### Provided entries
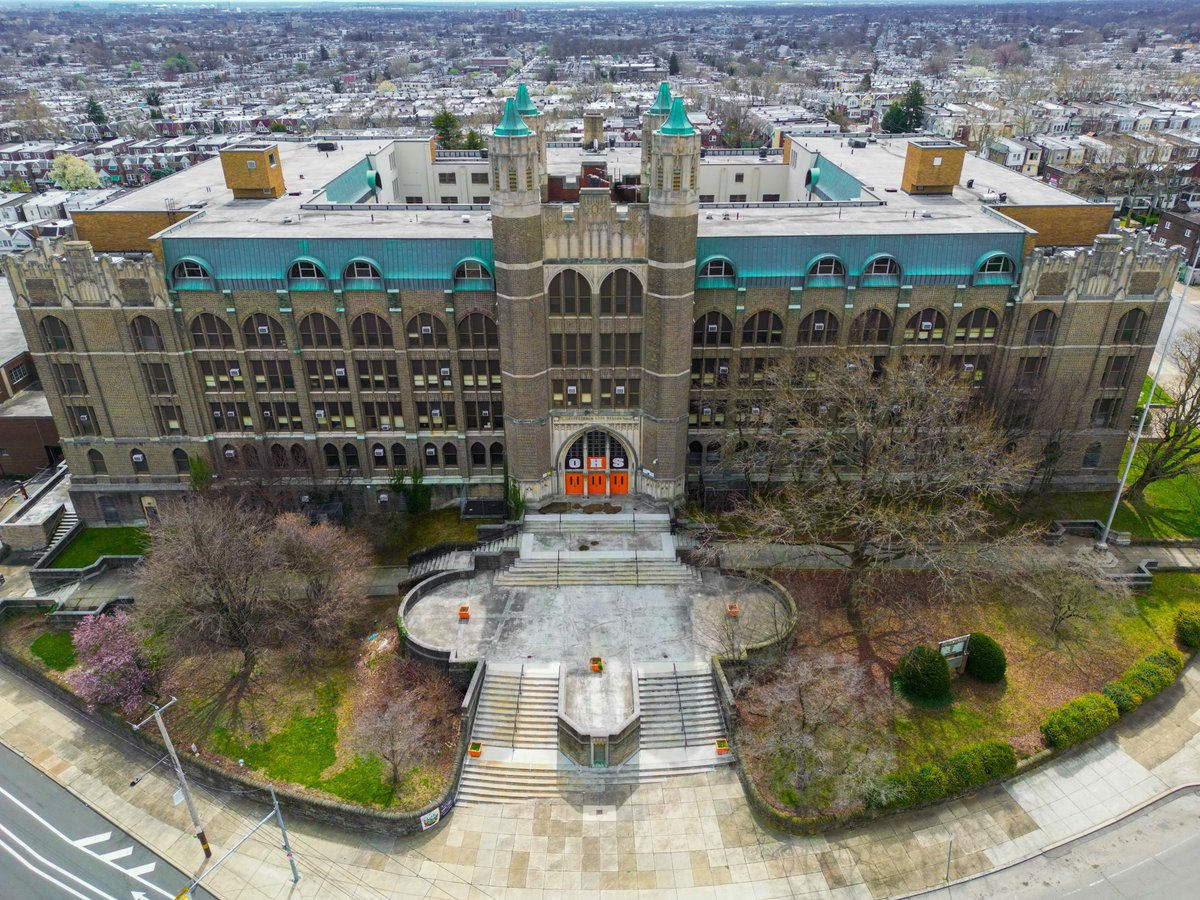 Overbrook High School
~Philadelphia, PA             #photography #photooftheday #photograph #city #wiltchamberlain #GilbertKingElisa #landscape #architecture #historicplaces #buildings #philly #highschool #sunrise #sky #construction #colorphoto #colourphotography #bridge…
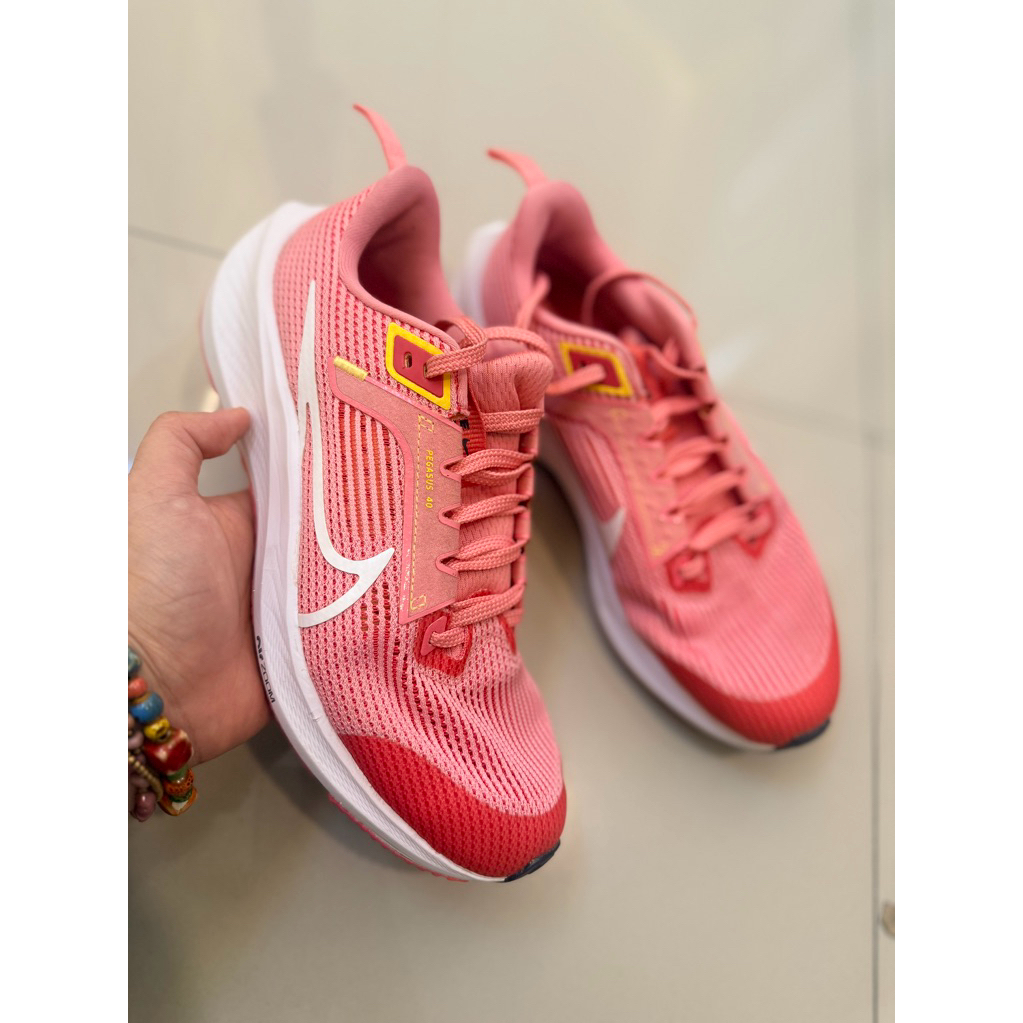 preloved Sepatu Olahraga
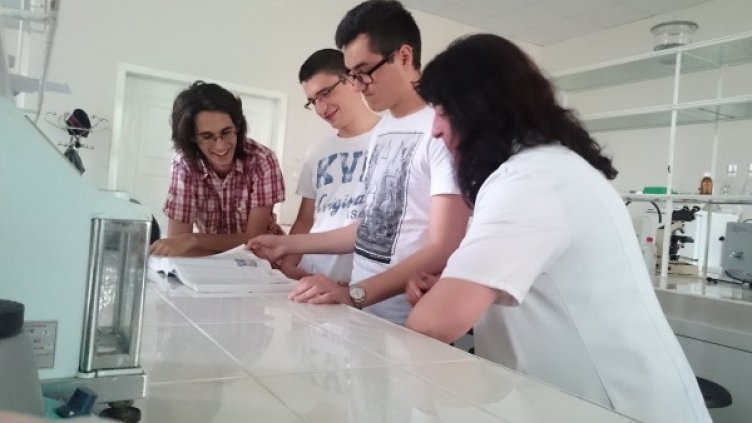 Отляво надясно: Теодор, Димитър, Лазар и Албена Йорданова. Снимка: Dnes.bg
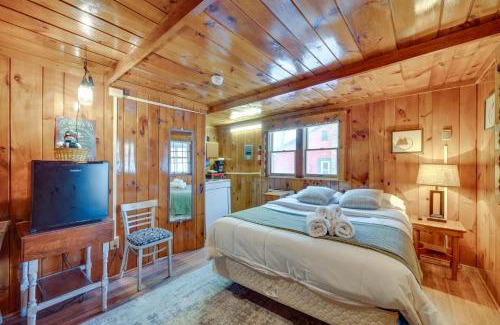 Weirs Beach Apartamento | Laconia Studio with Porch - Near Weirs Beach!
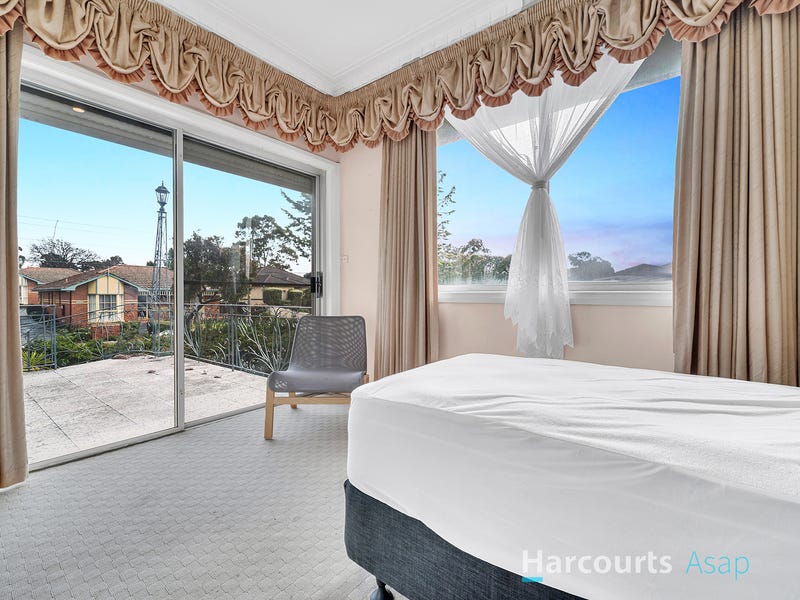 17 Service Road, Blackburn, Vic 3130 House for Rent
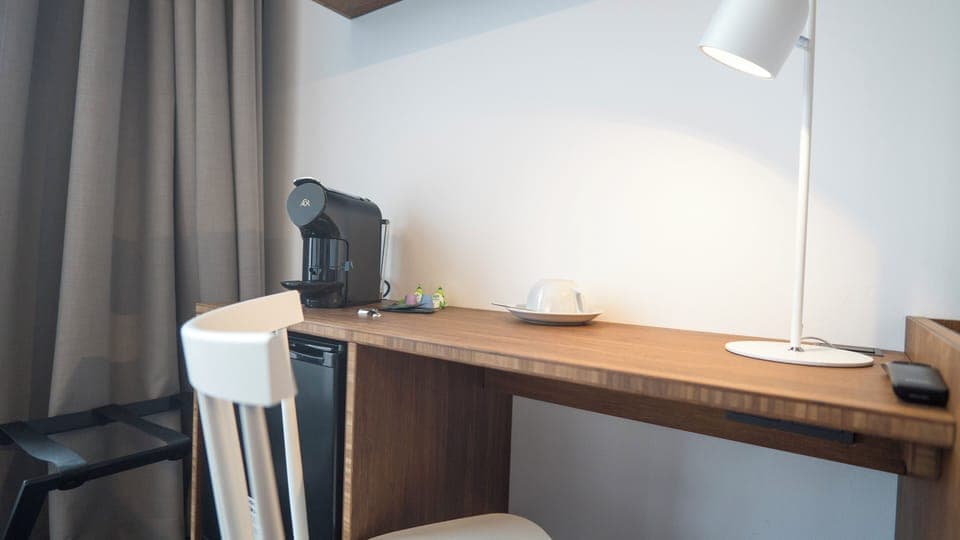 Senior Single Room | Premium bedding, free minibar, individually decorated, laptop workspace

### Exercise description
Restate, word for word, all of the material above, leaving out the images.

### Written reply
 Overbrook High School
~Philadelphia, PA             #photography #photooftheday #photograph #city #wiltchamberlain #GilbertKingElisa #landscape #architecture #historicplaces #buildings #philly #highschool #sunrise #sky #construction #colorphoto #colourphotography #bridge…
 preloved Sepatu Olahraga
 Отляво надясно: Теодор, Димитър, Лазар и Албена Йорданова. Снимка: Dnes.bg
 Weirs Beach Apartamento | Laconia Studio with Porch - Near Weirs Beach!
 17 Service Road, Blackburn, Vic 3130 House for Rent
 Senior Single Room | Premium bedding, free minibar, individually decorated, laptop workspace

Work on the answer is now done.